If a well-known dog blogger reviews dog food they bought, no disclosure necessary. If they review free dog food acquired through a coupon spit out by the supermarket's computer, no disclosure is necessary. But if the dog food company sends the blogger a free sample based on their review, both the company and the blogger are on the hook if any subsequent review doesn't include that info.
And if they eat that dog food -- because, let's face it, the average blogger makes about 12 cents an hour and that Alpo Chop House Filet Mignon looks mighty tasty -- they must disclose that as well. (Unless they're actually a dog, in which case they fall under the disclosure guidelines created by the ASPCA.)
PC World's Ian Paul notes the same things can apply to anyone commenting on blogs, in forums, and in chat rooms. They apply to employees of a company who become a "fan" of their employer on Facebook or say something nasty about a competitor's product on Yelp.

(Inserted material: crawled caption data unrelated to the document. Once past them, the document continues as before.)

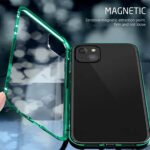 Γυάλινη μαγνητική θήκη 360° για iPhone 14 8 Η ομάδα του Topcase.gr γνωρίζει πόσο πολύτιμο είναι για εσάς το κινητό σας τηλέφωνο. Γι’ αυτόν τον λόγο έχουμε θέσει ως στόχο μας να προσφέρουμε τη μέγιστη δυνατή ολοκληρωμένη προστασία για το τηλέφωνό σας. Γνωρίζουμε επίσης ότι όσο περισσότερο χρόνο παραμένετε χωρίς προστασία, τόσο αυξάνεται ο κίνδυνος για θραύση ή ζημιά. Για αυτόν ακριβώς τον λόγο προσπαθούμε να πραγματοποιούμε κάθε παράδοση στον συντομότερο δυνατό χρόνο. / Topcase, Topcase.gr, Τοπκέις, Τοπκέις 2007, Τοπ κέις, Τοπκέις.gr, Τοπκέιςγρ / www.topcase.gr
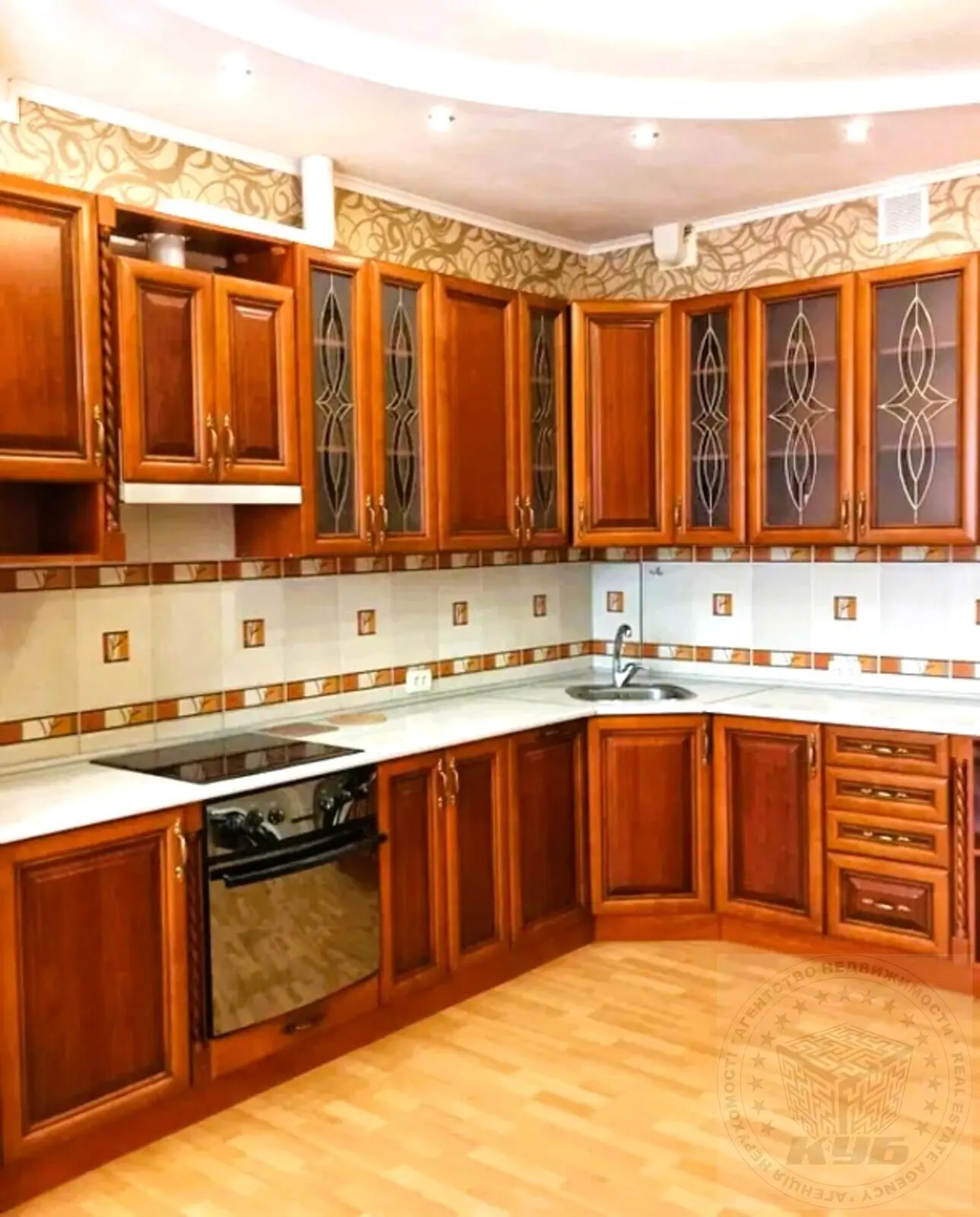 Фото Продаю 3 кімнатну квартиру, 103 кв. м, Леся Курбаса просп.  Київ, ціна: 155000 $, код 289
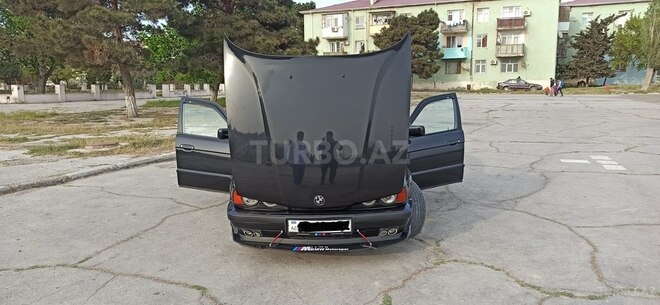 BMW 525 1995, 370,000 km - 2.5 л - Bakı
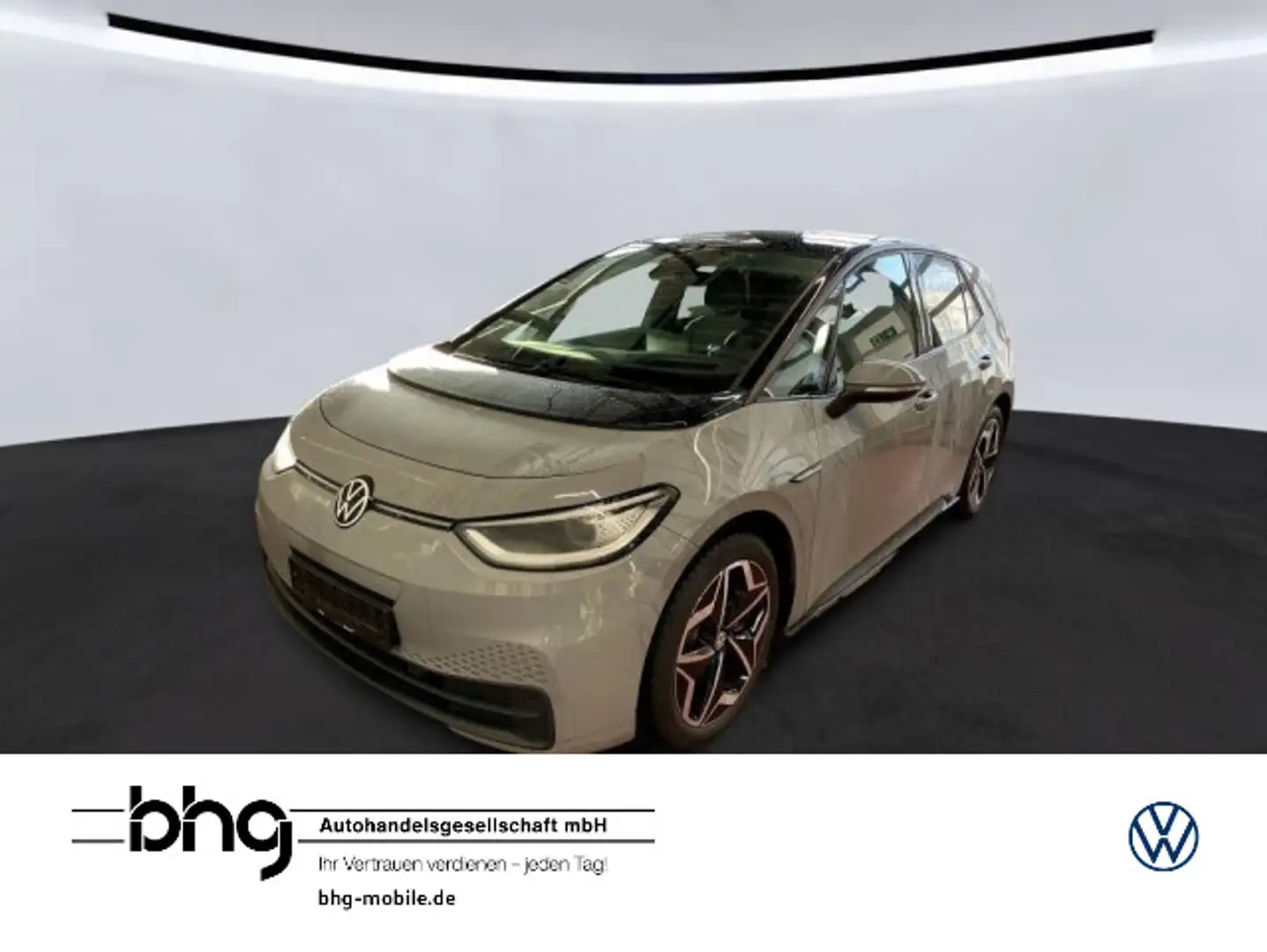 Volkswagen ID.3 Pro Performance h Autom. Grau - 1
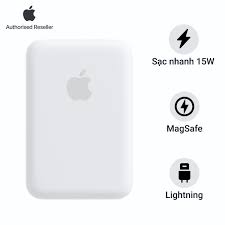 Sạc dự phòng không dây Magsafe Battettery Pack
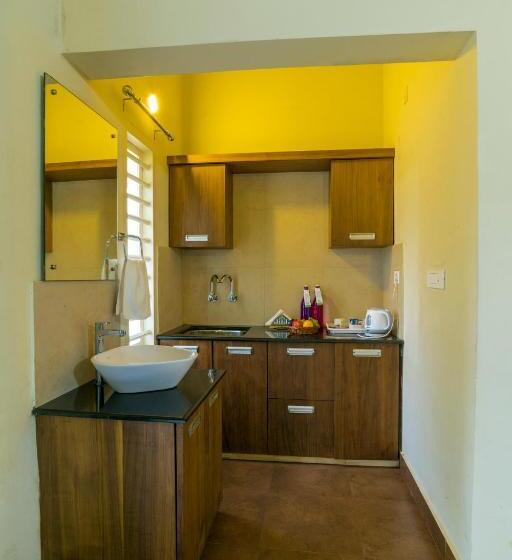 Вилла 1 Спальня, Letstay Adithya Nature Resort & Spa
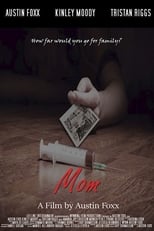 Poster de la película Mom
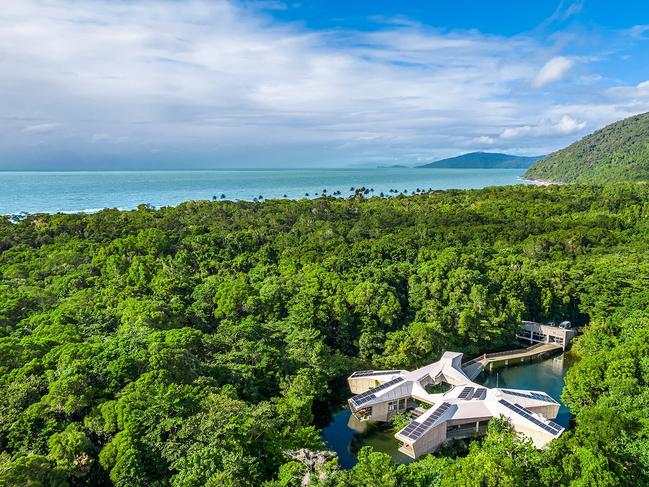 Alkira Resort House, Cape Tribulation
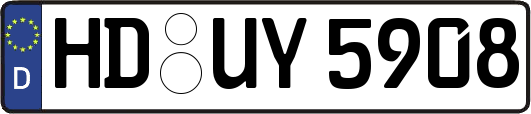 HD-UY5908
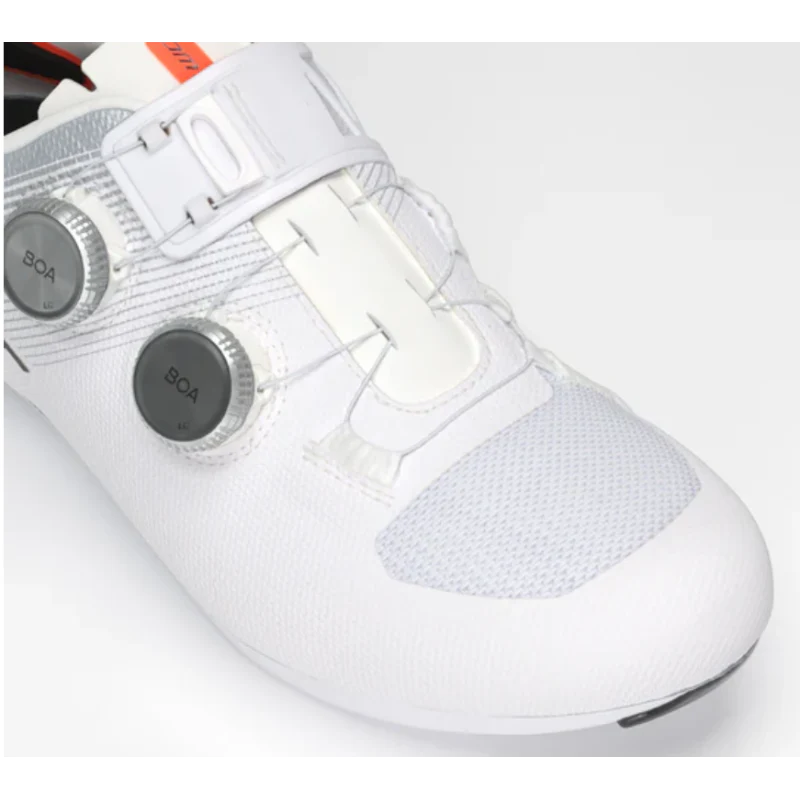 DMT Scarpe Road KR0 Evo Bianco/Grigio - Image 5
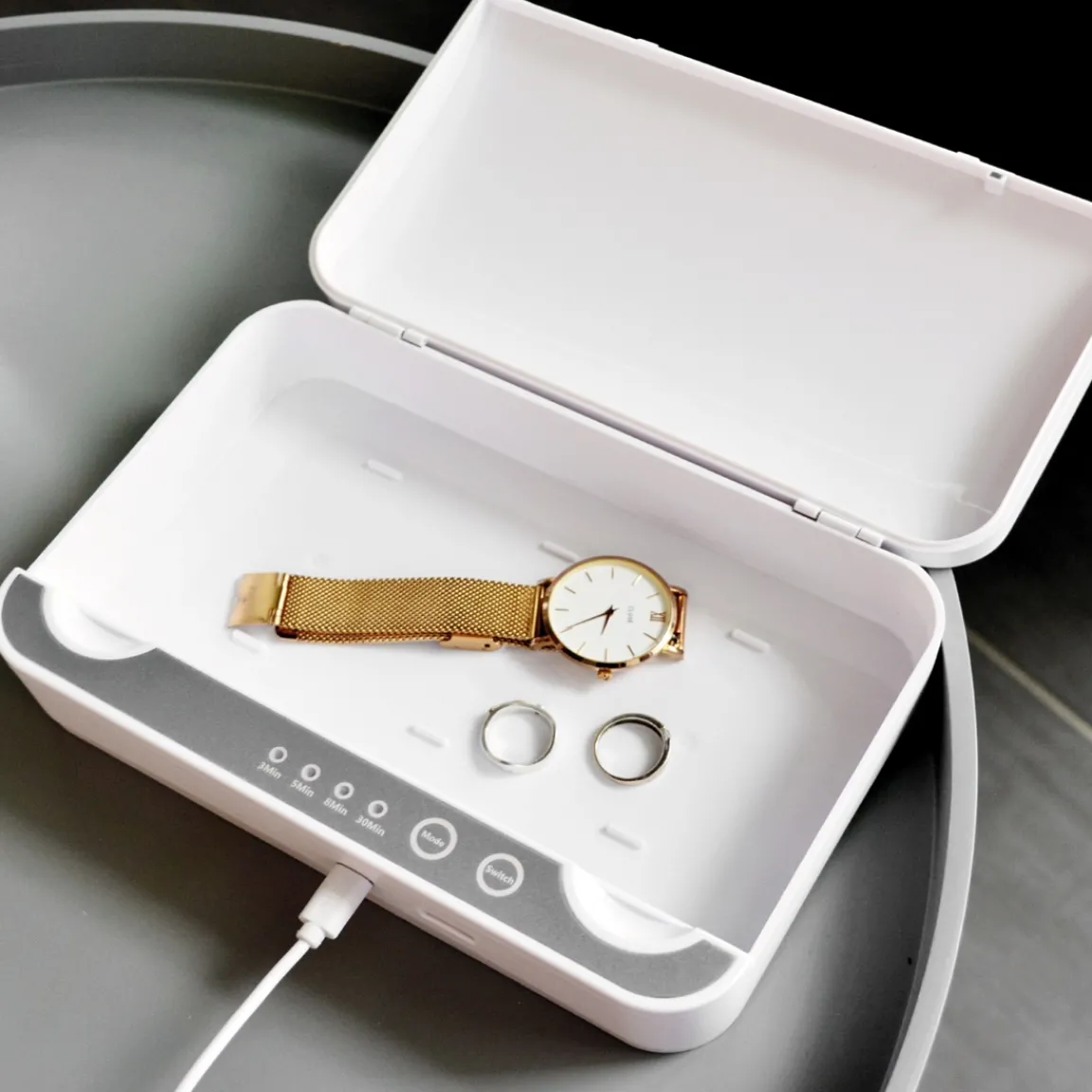 Online Tempsl Boîte de stérilisation uvc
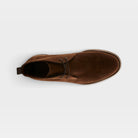 Spring Step Men Cavidan Brown Suede Boot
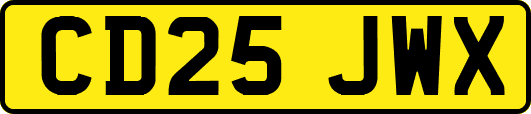 CD25JWX
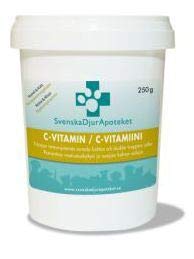 European Pet Pharmacy Vitamin C (250 Gramm) von European Pet Pharmacy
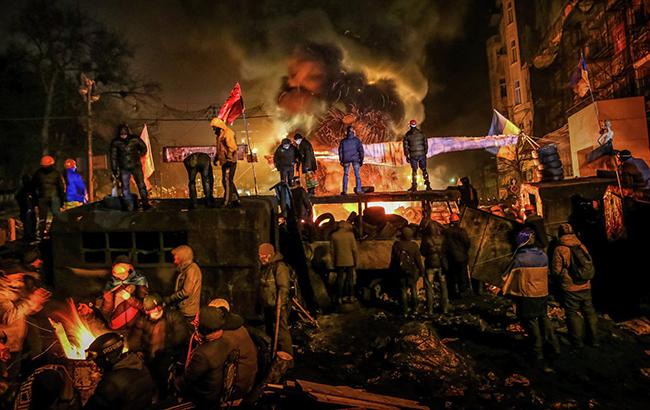 Фильм о Майдане "Зима в огне" получил спецприз Американской телеакадемии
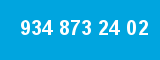 934 873 24 02 934 873 24 02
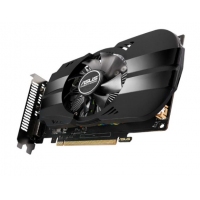 華碩（ASUS） PH-GTX1050Ti-4G 鳳凰版GTX1050ti 吃雞游戲 獨(dú)立顯卡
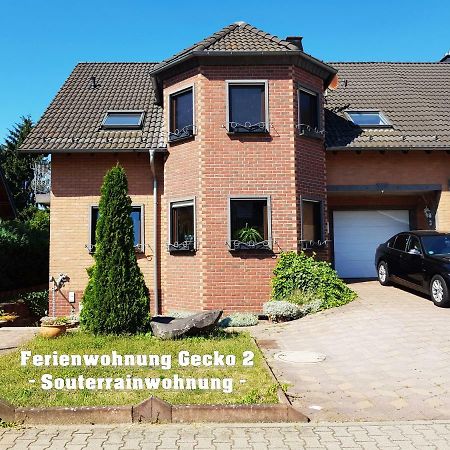 Ferienwohnung " Gecko 2 " Андернах Екстер'єр фото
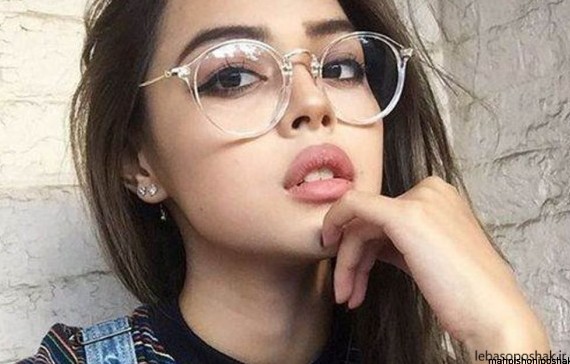 مدل عینک دخترانه
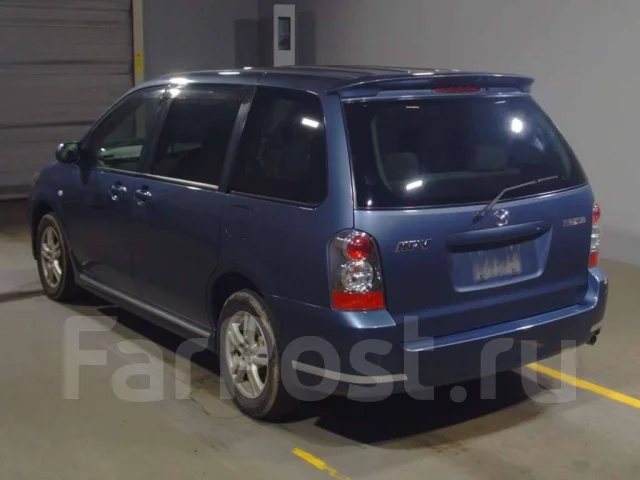 Mazda MPV. �������, ��������, 2.3, ������, �/�, ��� ���. ��� ����� �� ������������ ����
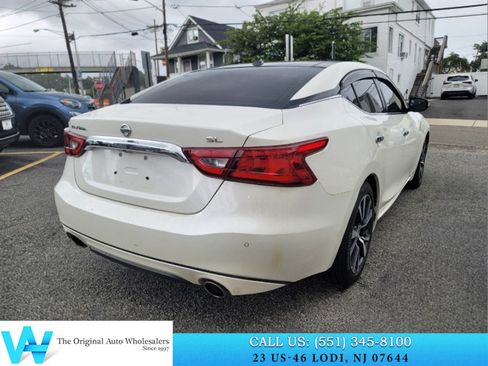 Used 2017 Nissan Maxima 3.5 SL FWD image 6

My prediction: In six months the Net will melt down after being overwhelmed by the volume of disclosures that are required. (And, I would like to add, I did not receive any compensation for that endorsement of Alpo Chop House Originals, nor did my dog, Apache.)
According to IDG News, the FTC says the guidelines mainly target advertisers; bloggers themselves are unlikely to get fined, unless they continue to post bogus paid reviews after the FTC has scolded them for it.
Still, better safe than sorry. So here is my full disclosure:
* At various press functions throughout the course of my career, I have consumed 1,237 boiled shrimp (with 157 ounces of cocktail sauce), 112 pounds of smoked salmon, 4,879 crackers, and 32,718 cheese cubes. No money was exchanged for any of these. I would gladly give them all back if I could.
* I have two bankers boxes in my office filled with orphaned AC and DC adapters for gadgets I do not remember ever having in my possession (and because 99 percent of manufacturers do not stamp their logos on them, there's no way to know where they came from). I have another four boxes stuffed with random USB, Ethernet, RJ11, and serial cables. Send me a big pre-paid shipping container -- or possibly a semi-tractor trailer with a driver -- and they're yours.
* I also have a shoe box full of review-unit cell phones I used for a week and forgot to return; they are now too old to do anyone any good, but I'm too embarrassed to send them back and feel too guilty to sell them, give them away, and/or put them in landfill. I'm thinking seriously of just blowing them up. Anybody got any C4 they can spare?